Vibrating gel aims to restore voice, help throat cancer victims

The Who's Roger Daltrey, Aerosmith's Steven Tyler and singer and actress Julie Andrews are backing research into the voice restoring gel by MIT and Harvard professors.
Written by Larry Dignan, Contributor

A gel that can vibrate 200 times a second aims to replicate human vocal cords and give throat cancer victims a way to restore their voices.

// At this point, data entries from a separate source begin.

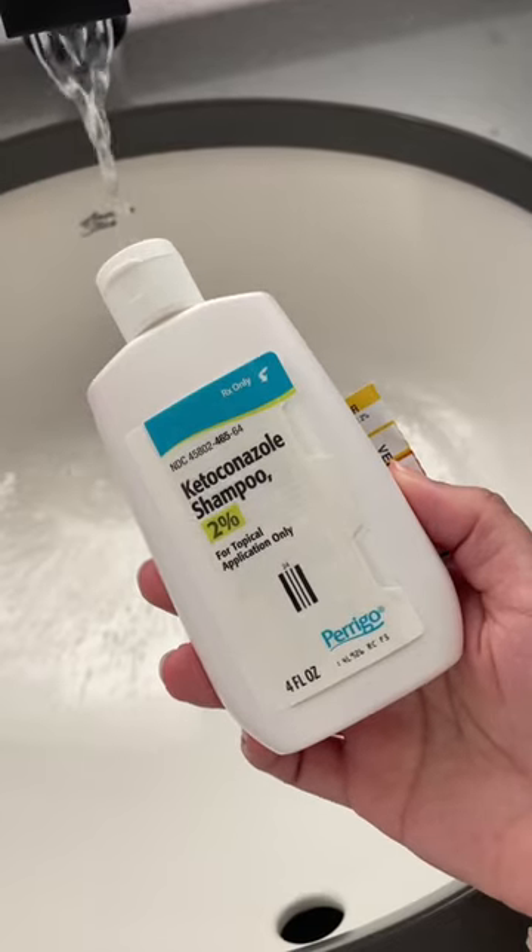Day in the life of living with seborrheic dermatitis. I usually wake up super super crusty — don't mind my eyebrows and everything else — then I start my routine.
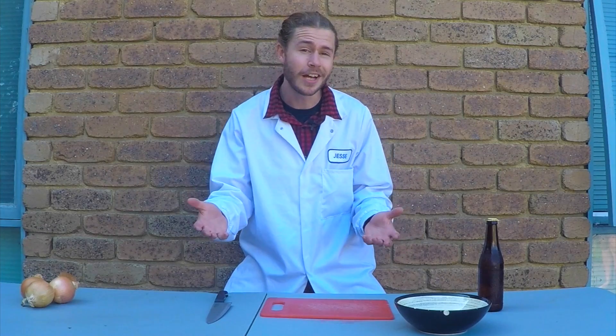Hey there guys, I'm Jesse Crowe, The Travelling Scientist, and today I'm going to teach you the science behind how you can cut onions without crying.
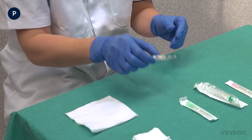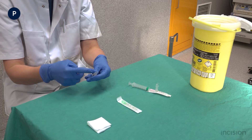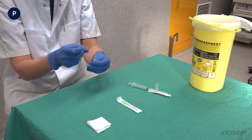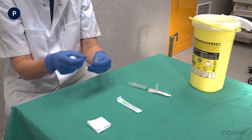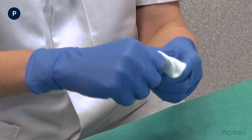The ampoule is inspected to confirm the correct medication, dosage, and the expiration date. To open the ampoule, the medication that is in the narrow top section of the ampoule is removed by gently flicking it. Subsequently, the ampoule is opened using a gauze swab.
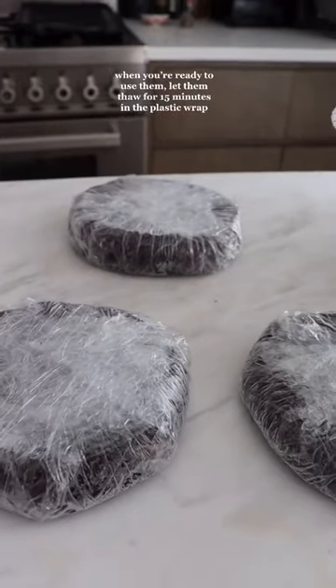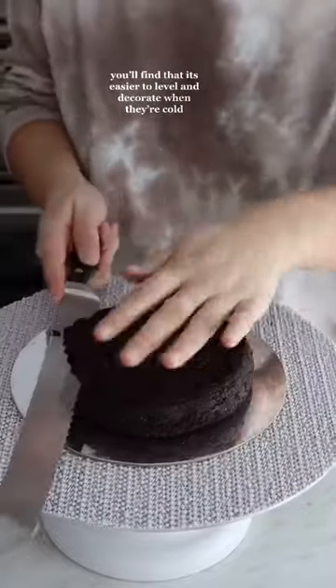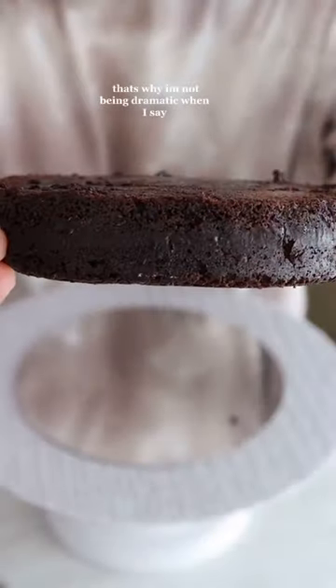When you're ready to use them, let them thaw for 15 minutes in the plastic wrap so the condensation forms on the plastic, not the cake. You'll find that it's easier to level and decorate when they're cold. That's why I'm not being dramatic when I say,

According to a Bloomberg report, Robert Langer, a researcher at the Massachusetts Institute of Technology, along with Harvard surgeon Steven Zeitels, plan to test this gel next year in a cancer patient. MIT highlighted the voice gel in July.

The experiment is backed by some big voices---The Who's Roger Daltrey, Aerosmith's Steven Tyler and singer and actress Julie Andrews. Daltrey and Tyler were Zeitels patients. About 6 percent of the U.S. population has some kind of voice disorder, according to Sandeep Karajanagi, a former MIT researcher who developed the gel while working as a postdoc in the Langer lab.

Among the key points from the Bloomberg story:

  • The gel is injected into the vocal cords.
  • Once there it acts like a membrane and responds to breath and muscles as real tissue would. Langer rearranged molecules to allow the gel to vibrate at the right speed.
  • The gel has to bond with existing vocal cords and be long lasting. In addition, the elasticity has to be there to respond to muscle contractions.
  • This gel is a form of polyethylene glycol, which is found in some skin creams.